Dataset excerpts:
====================

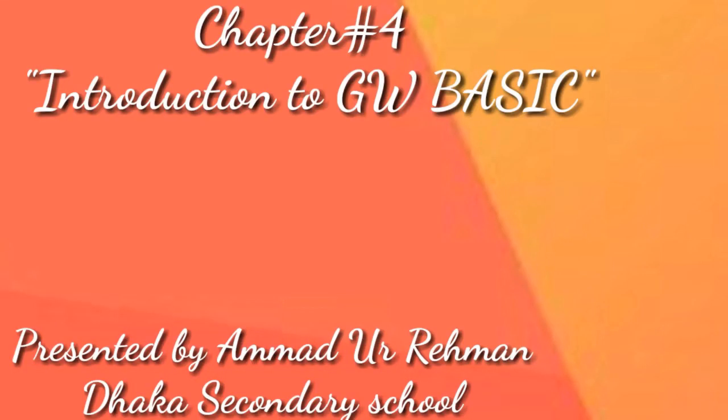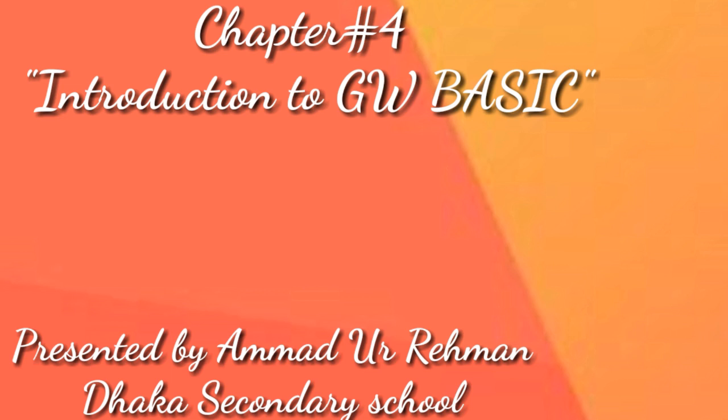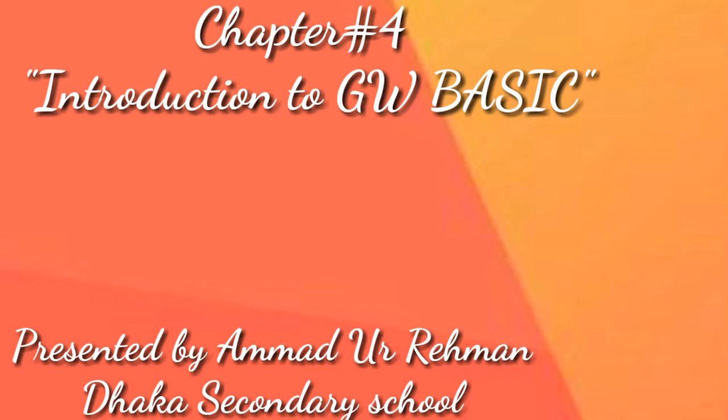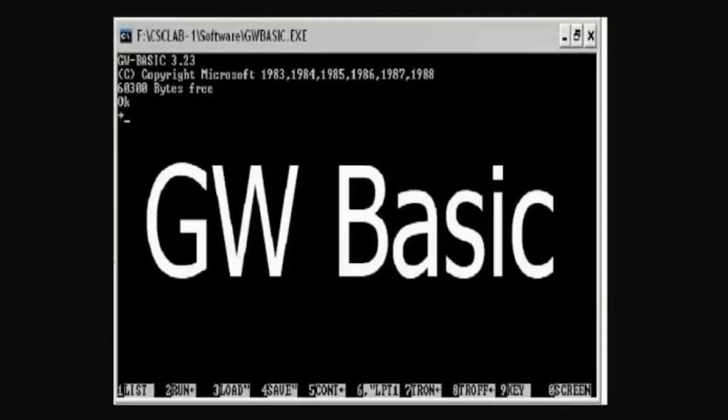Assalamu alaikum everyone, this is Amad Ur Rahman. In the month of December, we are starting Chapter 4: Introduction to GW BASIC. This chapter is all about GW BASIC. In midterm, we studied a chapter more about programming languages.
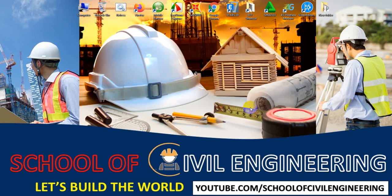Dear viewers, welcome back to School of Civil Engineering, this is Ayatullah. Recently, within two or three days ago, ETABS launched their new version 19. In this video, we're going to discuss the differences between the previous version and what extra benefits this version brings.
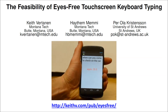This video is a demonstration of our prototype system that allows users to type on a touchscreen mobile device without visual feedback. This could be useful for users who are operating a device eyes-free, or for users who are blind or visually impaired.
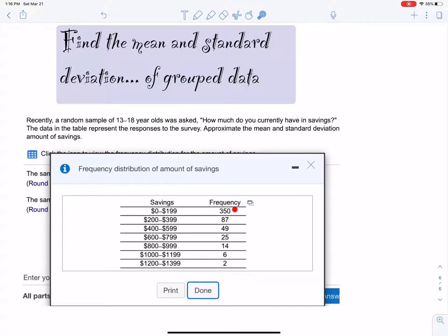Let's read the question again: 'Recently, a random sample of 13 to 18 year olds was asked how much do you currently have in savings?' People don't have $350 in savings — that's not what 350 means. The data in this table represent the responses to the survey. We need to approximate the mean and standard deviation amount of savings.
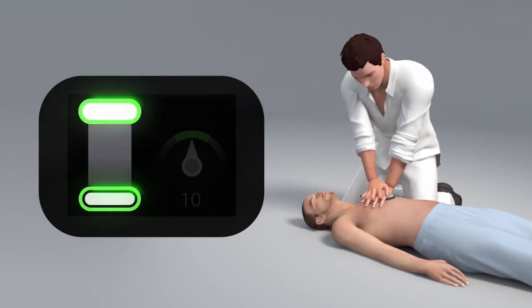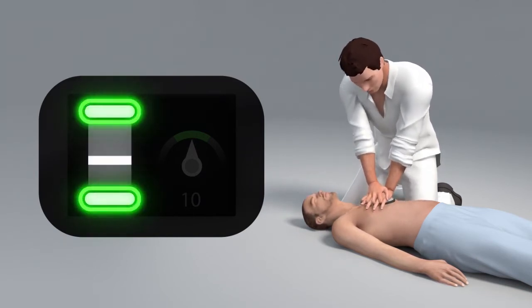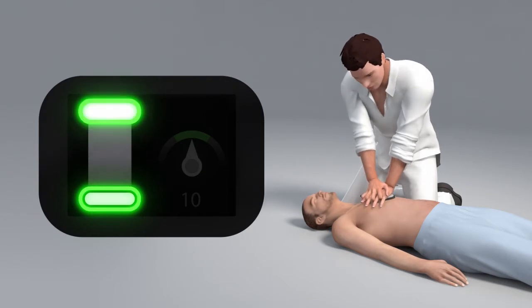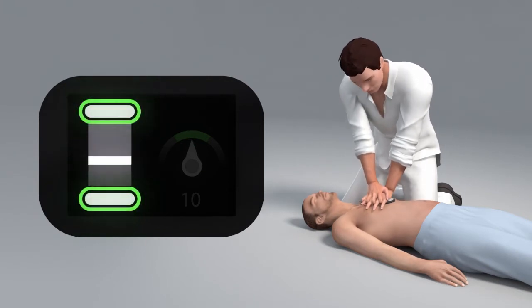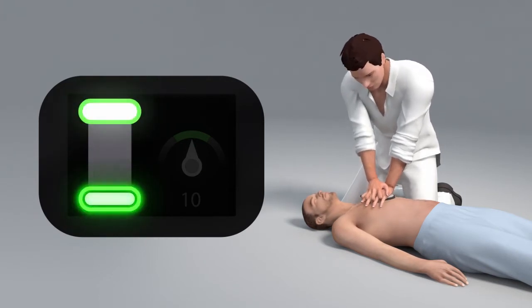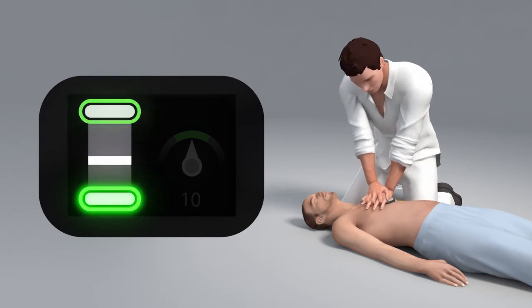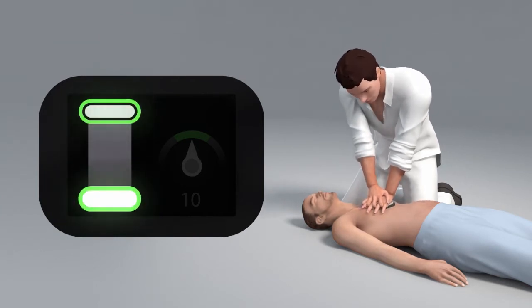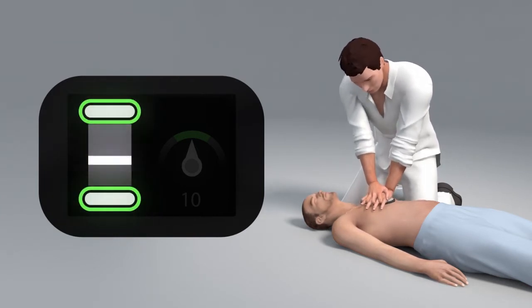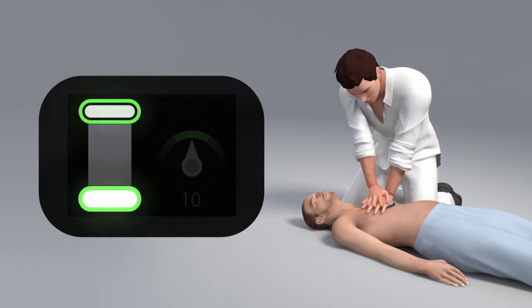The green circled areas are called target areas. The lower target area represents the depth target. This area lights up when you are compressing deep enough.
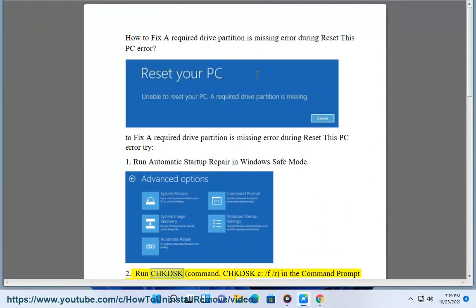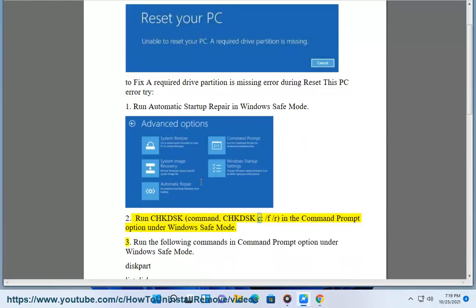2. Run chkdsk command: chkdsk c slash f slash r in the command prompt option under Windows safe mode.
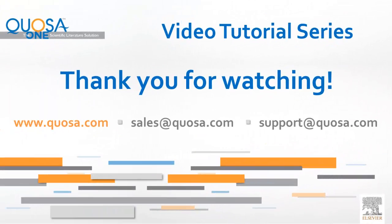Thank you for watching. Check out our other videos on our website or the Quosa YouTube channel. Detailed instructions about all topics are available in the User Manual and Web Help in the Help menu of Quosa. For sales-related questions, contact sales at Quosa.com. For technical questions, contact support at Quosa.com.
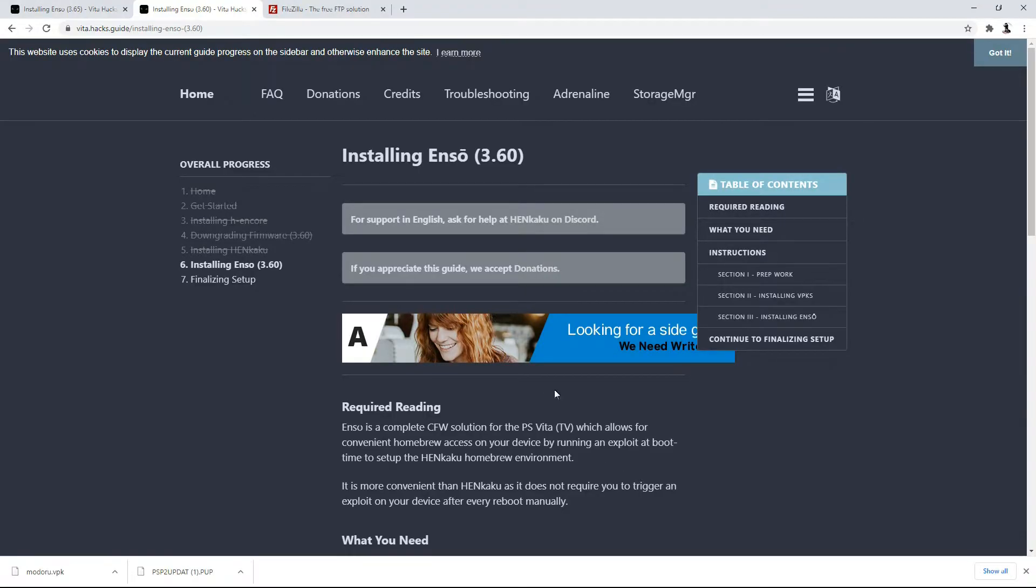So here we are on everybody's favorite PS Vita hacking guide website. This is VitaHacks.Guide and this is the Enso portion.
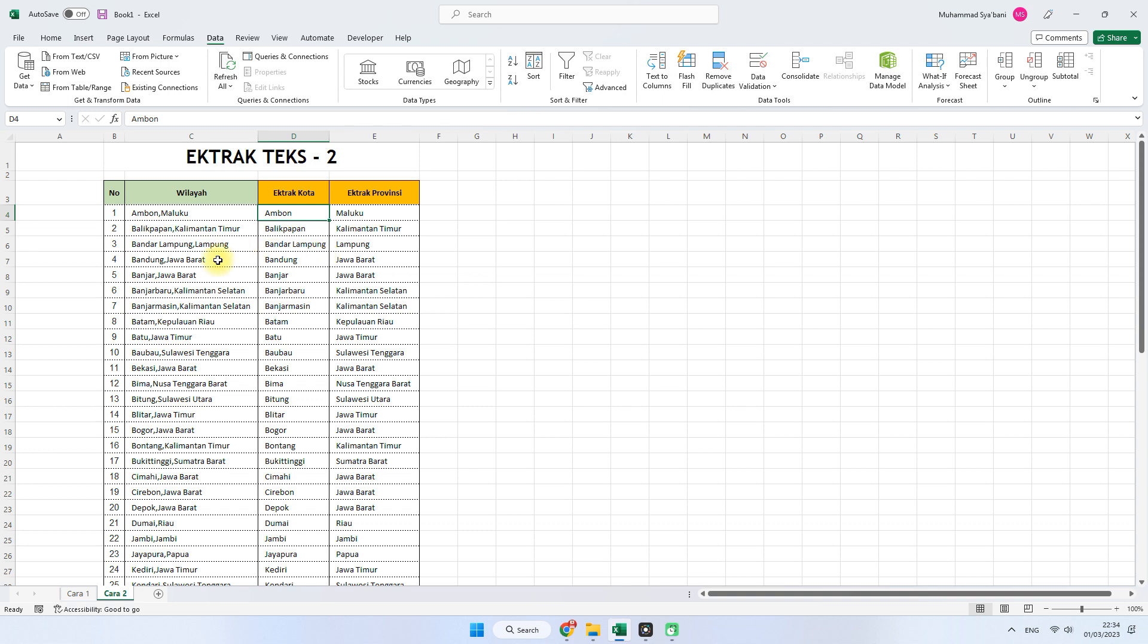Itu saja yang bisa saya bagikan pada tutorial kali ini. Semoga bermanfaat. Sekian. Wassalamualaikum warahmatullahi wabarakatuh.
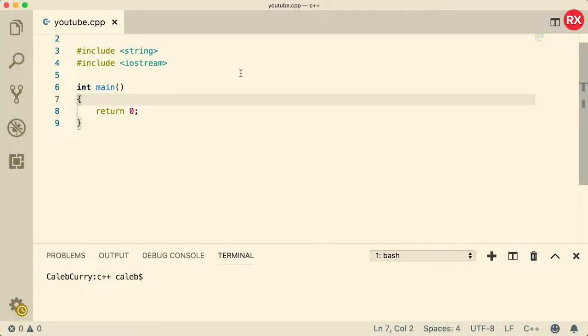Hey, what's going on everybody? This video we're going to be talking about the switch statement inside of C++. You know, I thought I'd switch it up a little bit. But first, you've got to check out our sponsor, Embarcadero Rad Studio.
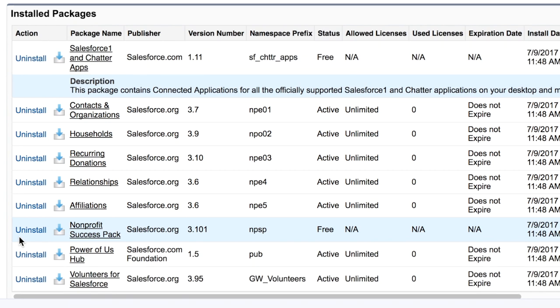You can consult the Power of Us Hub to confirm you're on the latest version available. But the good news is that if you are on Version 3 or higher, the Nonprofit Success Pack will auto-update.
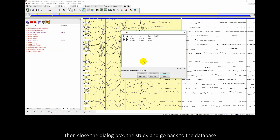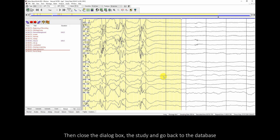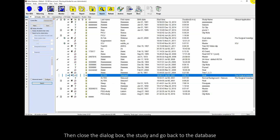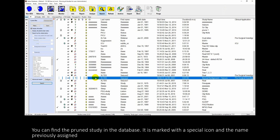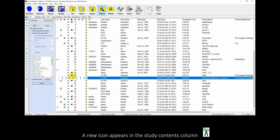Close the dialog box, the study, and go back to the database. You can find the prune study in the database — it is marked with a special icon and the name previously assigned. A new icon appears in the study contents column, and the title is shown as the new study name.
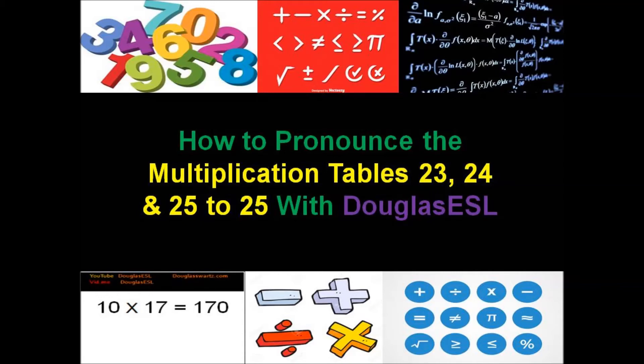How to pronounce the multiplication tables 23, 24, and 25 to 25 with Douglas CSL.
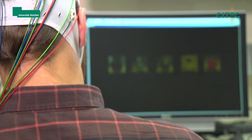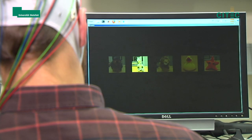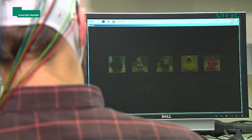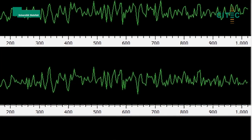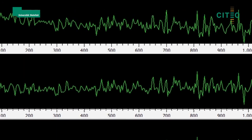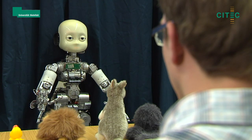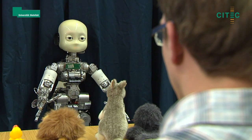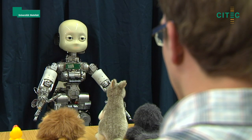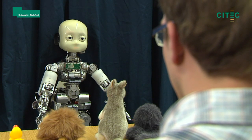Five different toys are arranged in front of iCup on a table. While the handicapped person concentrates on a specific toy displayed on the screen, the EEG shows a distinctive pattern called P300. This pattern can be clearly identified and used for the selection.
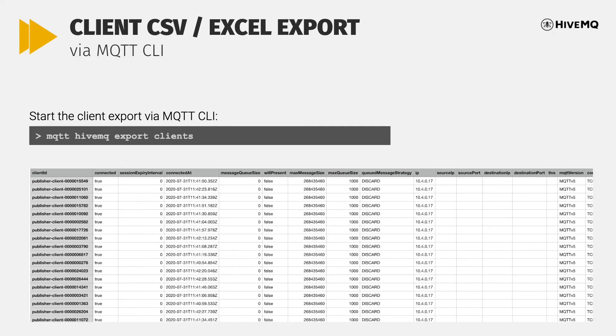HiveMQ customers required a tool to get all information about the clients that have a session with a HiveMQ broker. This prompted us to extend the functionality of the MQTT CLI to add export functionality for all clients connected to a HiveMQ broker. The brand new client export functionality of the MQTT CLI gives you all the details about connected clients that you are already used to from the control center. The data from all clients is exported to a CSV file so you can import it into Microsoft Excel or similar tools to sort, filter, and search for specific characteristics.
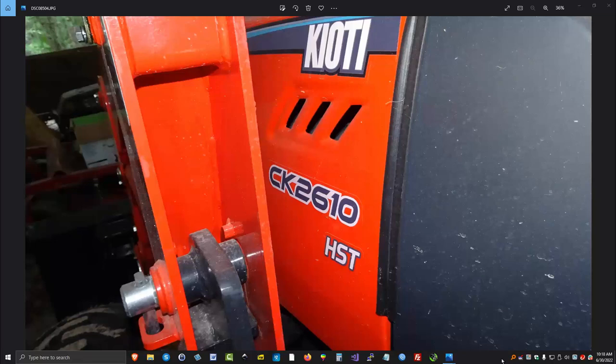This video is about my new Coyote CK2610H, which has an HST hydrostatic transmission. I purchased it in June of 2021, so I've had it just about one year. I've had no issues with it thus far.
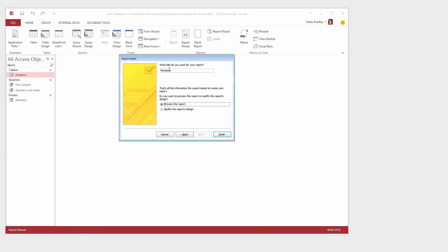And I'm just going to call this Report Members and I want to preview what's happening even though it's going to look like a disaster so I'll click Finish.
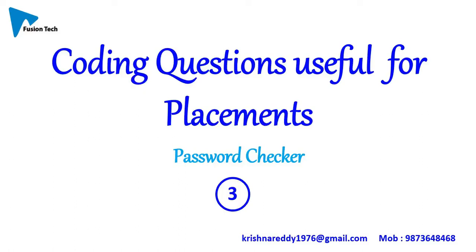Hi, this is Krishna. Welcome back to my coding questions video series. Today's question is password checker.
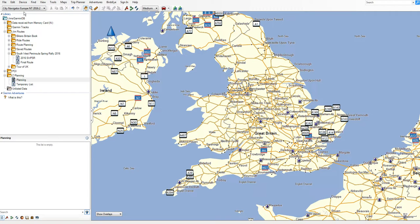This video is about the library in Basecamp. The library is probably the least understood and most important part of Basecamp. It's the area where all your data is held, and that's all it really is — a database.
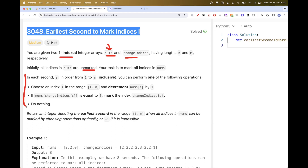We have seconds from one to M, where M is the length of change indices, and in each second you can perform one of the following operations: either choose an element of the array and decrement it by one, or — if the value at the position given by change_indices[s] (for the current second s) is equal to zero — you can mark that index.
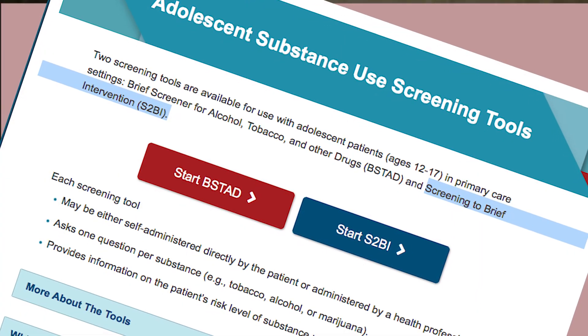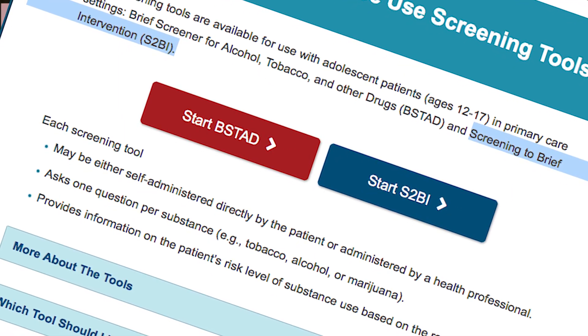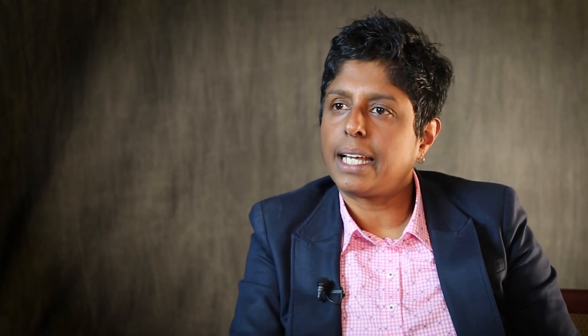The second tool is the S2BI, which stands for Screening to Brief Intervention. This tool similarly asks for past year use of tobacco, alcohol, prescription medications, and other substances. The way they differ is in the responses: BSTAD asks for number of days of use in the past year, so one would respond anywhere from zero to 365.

====================

== Work instructions ==
Word for word, retype the lines in the entries above that run from the one with "This video is about my" through the one with "And I'm just". Both ends count; pictures do not.

== Solution for this problem ==
This video is about my new Coyote CK2610H, which has an HST hydrostatic transmission. I purchased it in June of 2021, so I've had it just about one year. I've had no issues with it thus far.
And I'm just going to call this Report Members and I want to preview what's happening even though it's going to look like a disaster so I'll click Finish.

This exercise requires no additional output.